Reviews

Grooveyard with Jacqui Hicks

If you’re anywhere near Haddington tonight, get yourself down to the Railway Hotel and enjoy one of the highlights of this year’s Edinburgh Jazz & Blues Festival. Part of a commendable venture that sees the Festival put on one-off gigs in Peebles, Stirling, Dunfermline and Linlithgow as well as Haddington, Grooveyard’s collaboration with ex-Shakatak singer Jacqui Hicks should raise the roof off the Railway if last night’s outing at Bristo Place is anything to go by.

A powerful mix of jazz, soul and funk, the Grooveyard quartet – Malcolm MacFarlane (guitar), Gordon McNeil (tenor sax), Malcolm Edmondstone (organ) and Paul Mills (drums) opened proceedings in this sweatpit of a venue (MacFarlane commented as he mopped his face with a towel for the twentieth time “If I was a bit taller you might take me for Andy Murray”) with a version of Hoochie Coo Chickie that only served to take the temperature even higher.
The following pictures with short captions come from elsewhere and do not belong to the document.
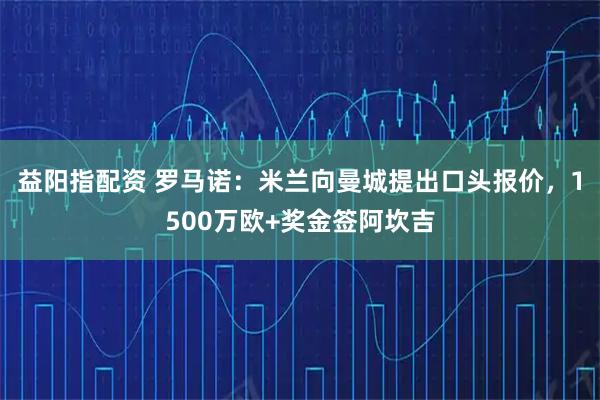 益阳指配资 罗马诺：米兰向曼城提出口头报价，1500万欧+奖金签阿坎吉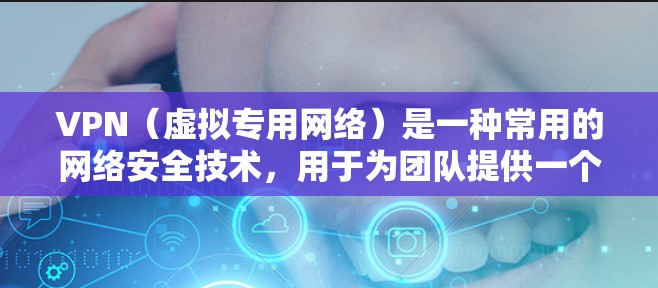 VPN（虚拟专用网络）是一种常用的网络安全技术，用于为团队提供一个安全、可控的网络环境，特别是在公共网络或不安全的网络中。以下是一个关于VPN团队办公方案的详细说明，包括关键组件、实施步骤和注意事项
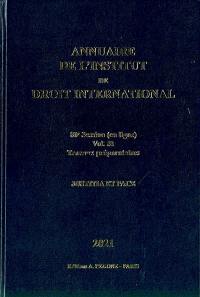 Annuaire de l'Institut de droit international. Vol. 81. Session en ligne, 2021 : travaux préparatoires : justitia et pace. Session online, 2021 : preparatory work : justitia et pace. Yearbook institute of international law. Vol. 81. Session en ligne, 2021 : travaux préparatoires : justitia et pace. Session online, 2021 : preparatory work : justitia et pace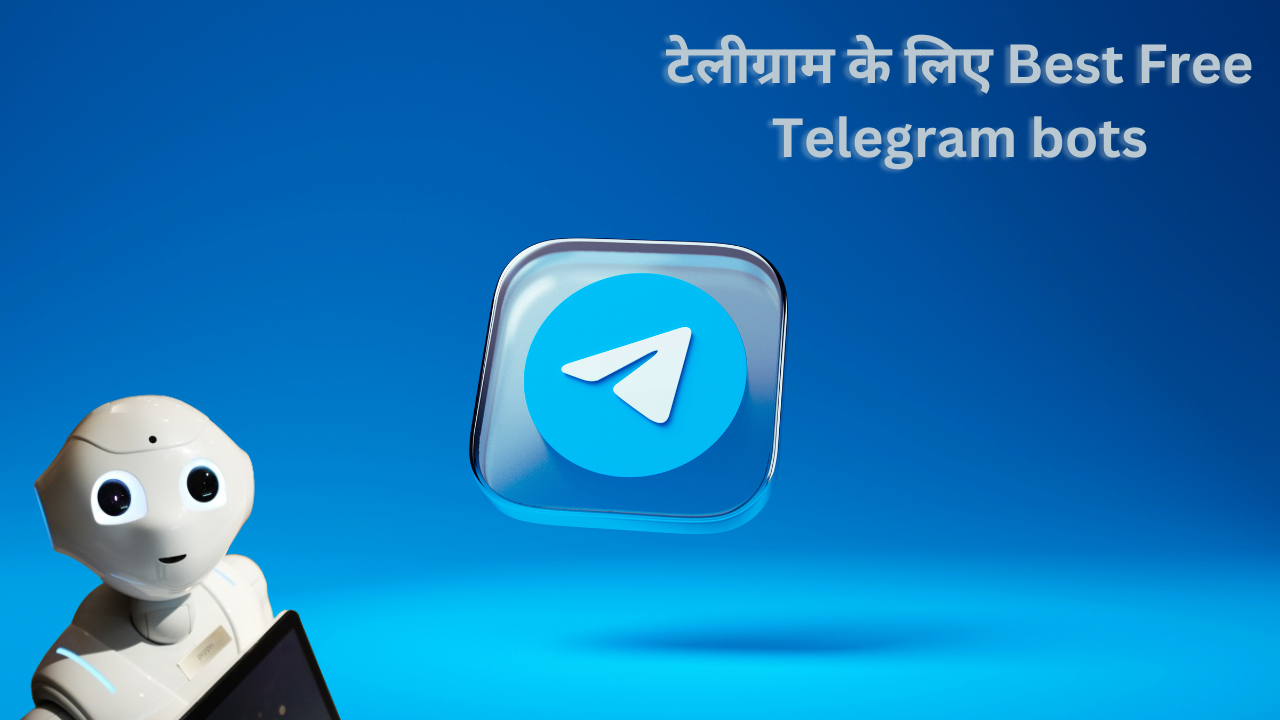 13 Best Telegram Bots Free In 2024: टेलीग्राम के लिए बेस्ट टेलीग्राम ...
Driven on by the powerhouse drumming of Mills, they strode through some fine arrangements of classic tunes – Stanley Turrentine’s Gibralter and Mississippi City Strut and an anything but mellow rendition of Jimmy Smith’s Mellow Mood.
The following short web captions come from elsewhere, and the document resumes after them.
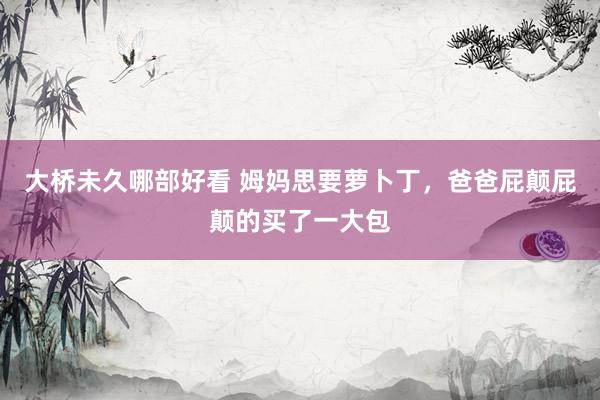 大桥未久哪部好看 姆妈思要萝卜丁，爸爸屁颠屁颠的买了一大包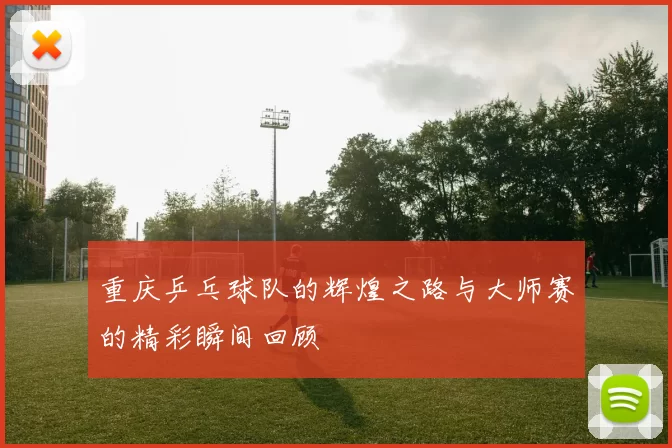 重庆乒乓球队的辉煌之路与大师赛的精彩瞬间回顾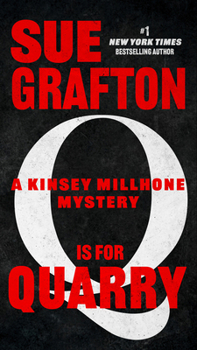 "Q" is for Quarry - Book #17 of the Kinsey Millhone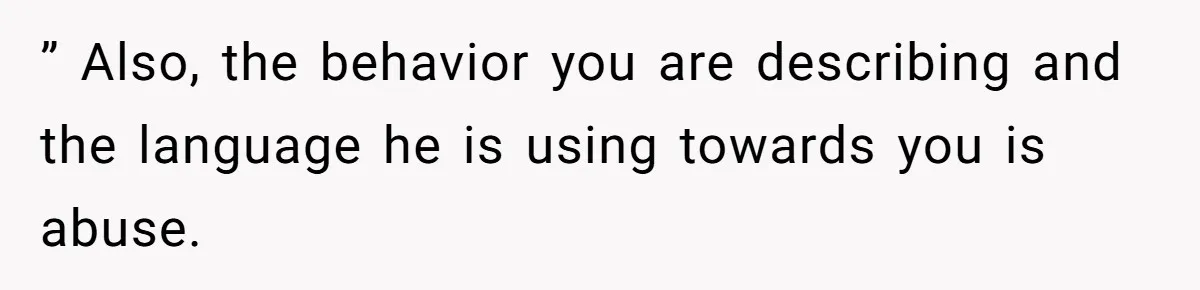 Girlfriend Refuses December Chores, Boyfriend Calls Her “Lazy” While Living In Her House ” Also, the behavior you are describing and the language he is using towards you is abuse.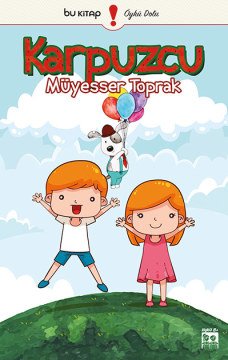 Karpuzcu / Müyesser Toprak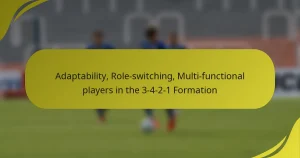 Adaptability, Role-switching, Multi-functional players in the 3-4-2-1 Formation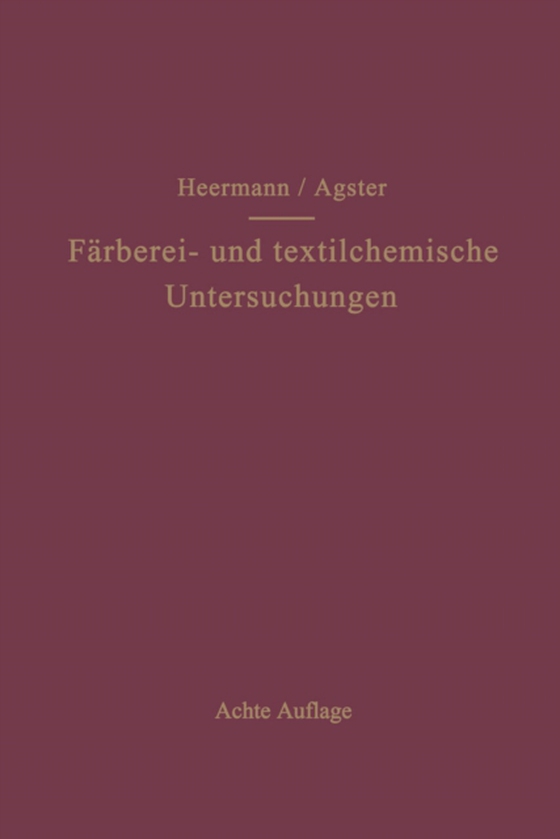 Färberei- und textilchemische Untersuchungen (e-bog) af Heermann, Paul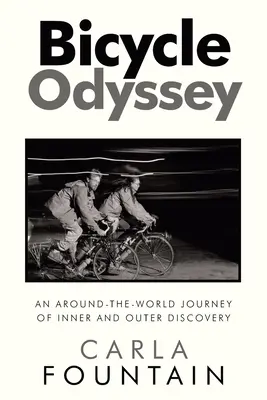 L'Odyssée de la bicyclette : L'Odyssée de la bicyclette : un voyage autour du monde à la découverte de l'intérieur et de l'extérieur - Bicycle Odyssey: An Around-The-World Journey of Inner and Outer Discovery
Joined by Jacqui Hicks, who first worked with MacFarlane 29 years ago, they reworked material from such diverse sources as Duke Ellington (Caravan) John Phillips – a slowed down, souled-out Monday Monday and Eric Clapton’s Wonderful Tonight. Such is the thought that went into the arrangements, they made the songs their own.

If there is any criticism to be made, it is that on occasion the band threatened to overwhelm Hicks, but generally speaking, they pulled back from that precipice in time.
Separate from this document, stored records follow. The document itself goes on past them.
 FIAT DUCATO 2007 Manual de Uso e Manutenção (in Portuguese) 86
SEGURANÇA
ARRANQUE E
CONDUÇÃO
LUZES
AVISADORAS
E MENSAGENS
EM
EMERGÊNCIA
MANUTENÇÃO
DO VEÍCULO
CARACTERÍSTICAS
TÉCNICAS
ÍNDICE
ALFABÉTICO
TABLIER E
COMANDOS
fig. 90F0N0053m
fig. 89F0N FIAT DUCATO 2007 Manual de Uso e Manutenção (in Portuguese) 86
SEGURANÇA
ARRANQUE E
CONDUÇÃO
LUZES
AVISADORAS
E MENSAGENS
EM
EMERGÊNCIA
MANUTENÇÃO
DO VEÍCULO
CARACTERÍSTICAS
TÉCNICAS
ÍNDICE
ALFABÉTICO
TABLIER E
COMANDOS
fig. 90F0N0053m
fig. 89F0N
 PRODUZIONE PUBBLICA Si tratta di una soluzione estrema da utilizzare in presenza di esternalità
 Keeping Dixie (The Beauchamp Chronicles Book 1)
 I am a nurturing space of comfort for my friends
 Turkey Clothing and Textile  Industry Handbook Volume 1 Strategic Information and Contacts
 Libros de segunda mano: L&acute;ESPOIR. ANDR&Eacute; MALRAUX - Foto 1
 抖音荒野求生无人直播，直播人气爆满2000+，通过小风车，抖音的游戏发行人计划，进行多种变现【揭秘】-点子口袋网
This is a band that should be playing bigger venues to much bigger audiences up and down the country. The potential for crossover into mainstream is there, they skilfully walk the tightrope of being crowd pleasers while retaining their musical integrity. So catch them at the Railway tonight – it might be the last chance you have of seeing them in such an intimate space.